— Recorded data —
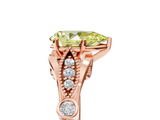 Rose gold Fancy Yellow Pear  Cut Diamond with Milgrain Marquise and Bezel Accents on a Solitaire Band with Prong Setting_195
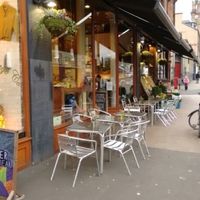 deli cafe seating at Roots  Fruits and Flowers - Great Western in Glasgow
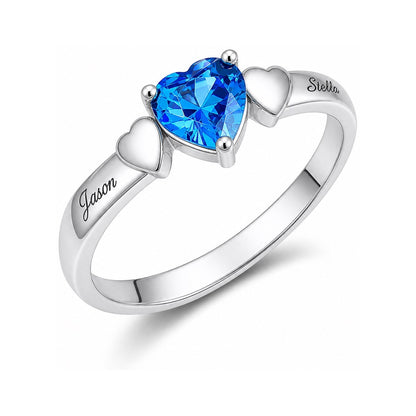 Custom heart solitaire name ring main view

— Work request —
Transcribe the listing above exactly, leaving every picture out.

— Task answer —
 Rose gold Fancy Yellow Pear  Cut Diamond with Milgrain Marquise and Bezel Accents on a Solitaire Band with Prong Setting_195
 deli cafe seating at Roots  Fruits and Flowers - Great Western in Glasgow
 Custom heart solitaire name ring main view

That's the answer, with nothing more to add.